Dès lors, la ville était coupée en deux.
La municipalité comprit bien vite qu’il fallait accorder une compensation à la multitude au-delà du canal.
Un projet global fut déposé. Il portait sur un « grand » et un « petit marché » sans les dissocier.
Le petit marché était celui de Saint-Nizier. Ce projet signé Person, qui l’envisageait en face de la vieille église, ne résista pas aux obstacles de la guerre de 1870-1871. Puis, pendant que le « grand » achevait de se construire, on ne parlait plus du second, et même on objectait : « Ce n’est pas le moment ». Cependant, il fallut bien y repenser. Les promesses ne pouvaient rester en l’air. C’est alors que l’architecte Bailly fut invité à présenter un autre projet.
Les inscriptions des futurs marchands avaient été sollicitées. Il s’en présenta 20 seulement. Ce n’était pas de l’empressement !
Evidemment ce marché ne pouvait prétendre à une grande importance.

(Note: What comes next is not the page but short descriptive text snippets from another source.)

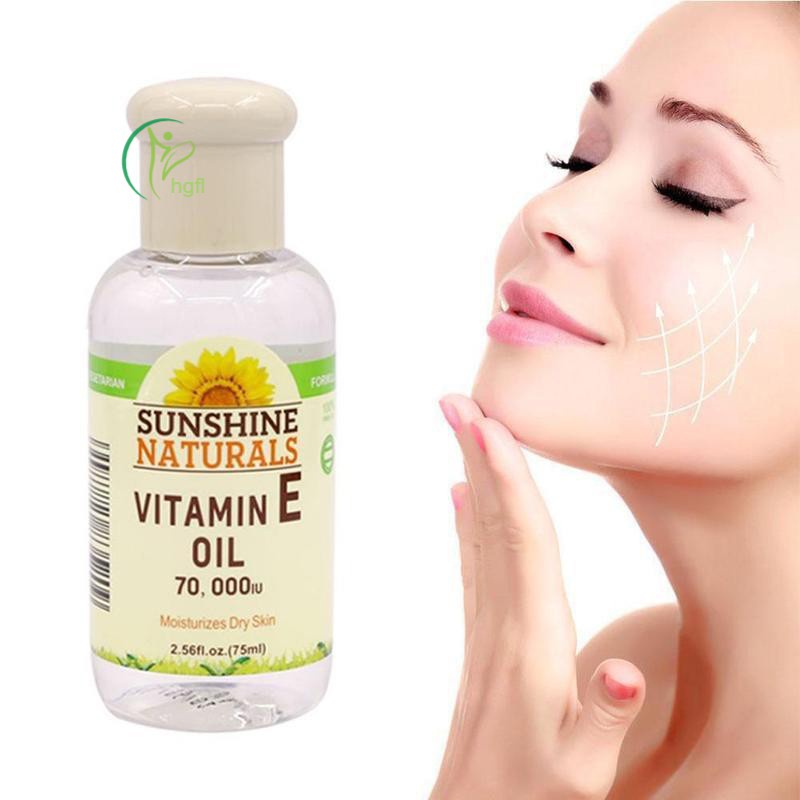 hgFl Natural Vitamin E Morning & Evening Essential Oil 75ML Skin Care Product for Anti Aging Improve Dullness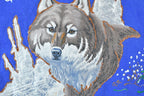Vintage 1990s Art Wolf Outdoorsman Crewneck Sweatshirt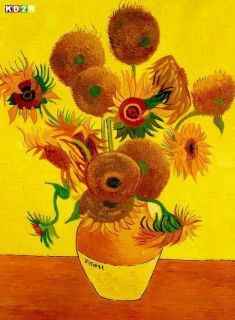 Vincent Van Gogh 15 Sonnenblumen k77531 90x120 CM Ölgemälde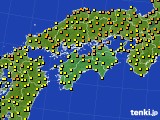 四国地方のアメダス実況(気温)(2019年07月02日)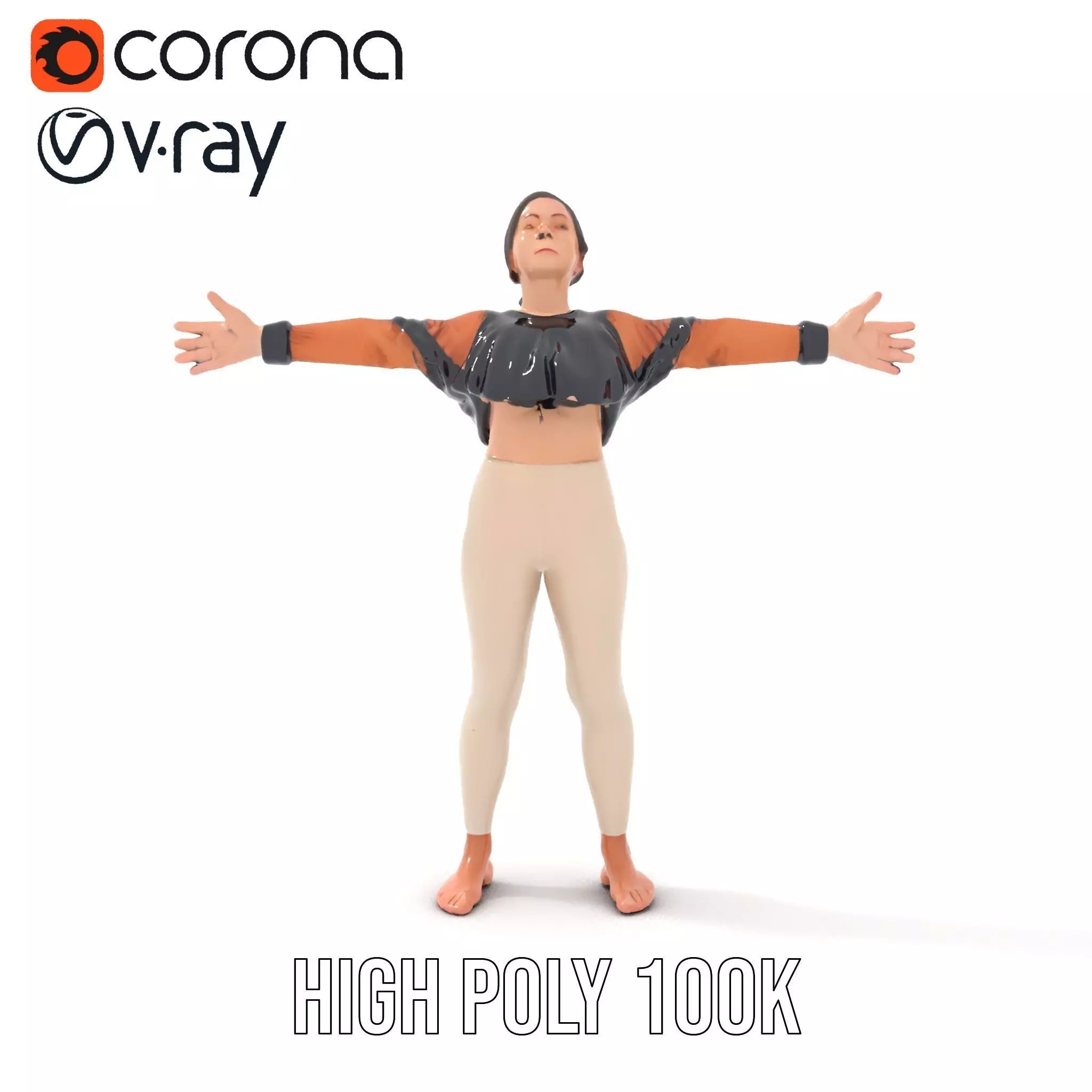 Stylish Autumn Apparel model pack Low-poly 3D model_20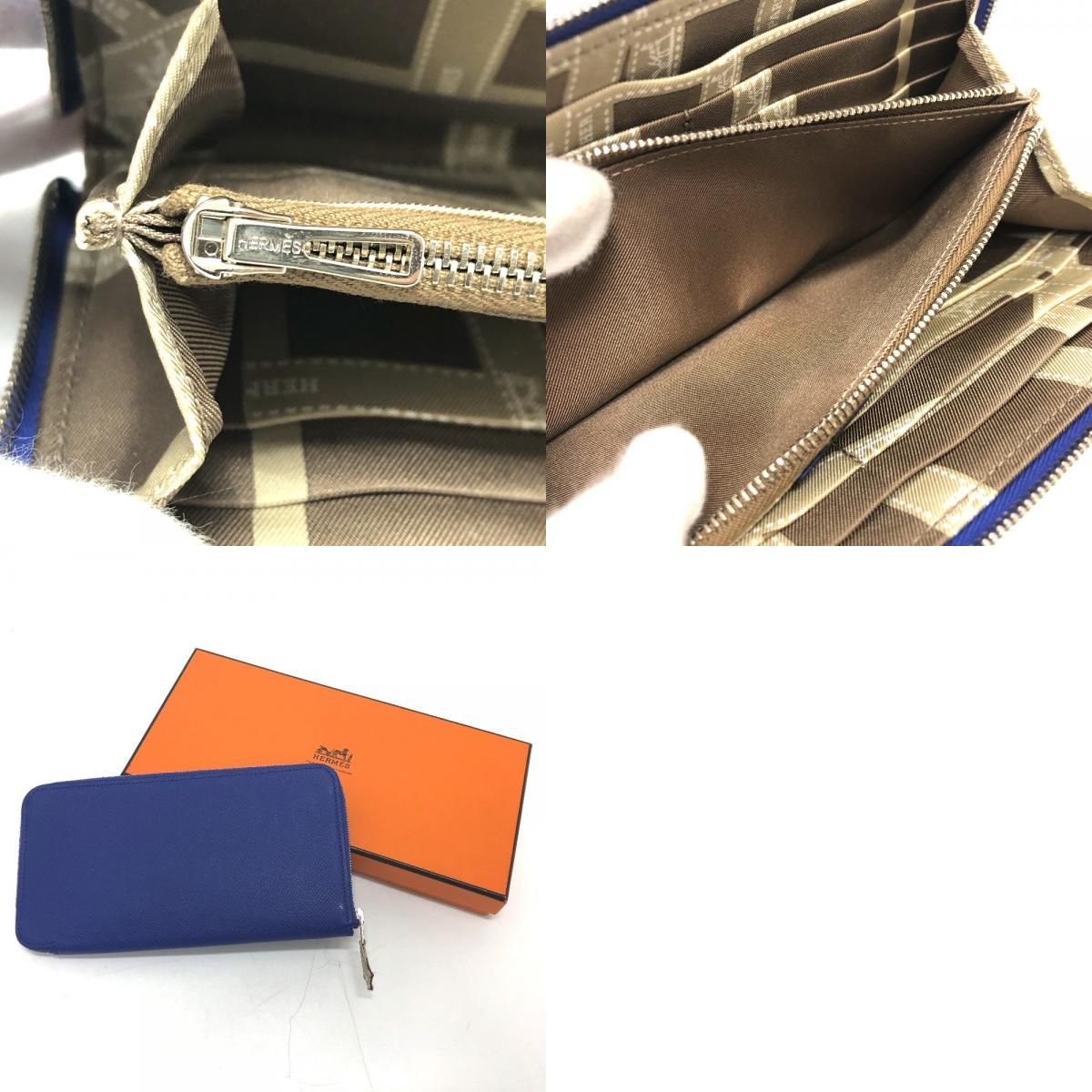 HERMES エルメス 長財布 アザップロング シルクイン ヴォー
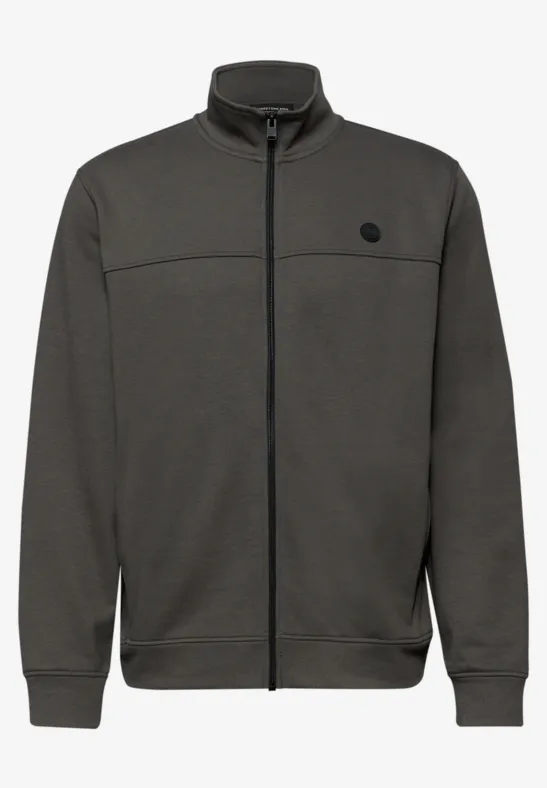 Zacht basisjack oil grey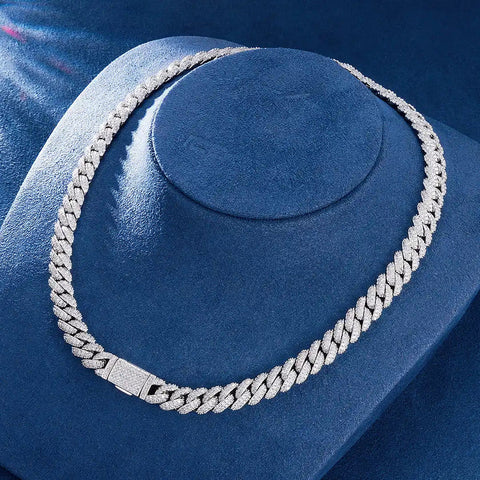 Moissanite Diamond Cuban Chain For Men's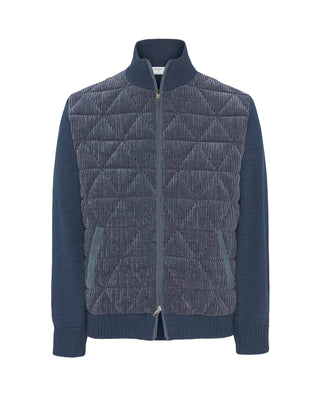 Chaqueta azul delantero acolchado de pana by MIRTO | 03687_0051_1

Surtout, dans l’esprit de ces bâtisseurs, il ne devait pas concurrencer celui de la « Ville Haute ». Tout d’abord, on décida qu’aucun aménagement ne permettrait la vente au dehors. Et cette vente serait limitée chaque jour « à 2 heures de la matinée ». Un conseiller proposa même de ne rien construire. « Il serait suffisant, dit-il, de se contenter d’abris provisoires comme il en existait autrefois sur la place des boucheries ». Cette proposition anti-électorale, fut immédiatement enterrée.
Le 27 juin 1873, une commission se réunissait pour examiner les plans et devis. A la vérité, ils n’étaient guère luxueux. C’était une halle sous l’apparence d’un grand bâtiment, avec 2 pignons à claire-voie. Sa superficie était de 511 m², les murs recouverts de planches ou de crépis, et la couverture de tuiles mécaniques. On ne pouvait guère faire moins !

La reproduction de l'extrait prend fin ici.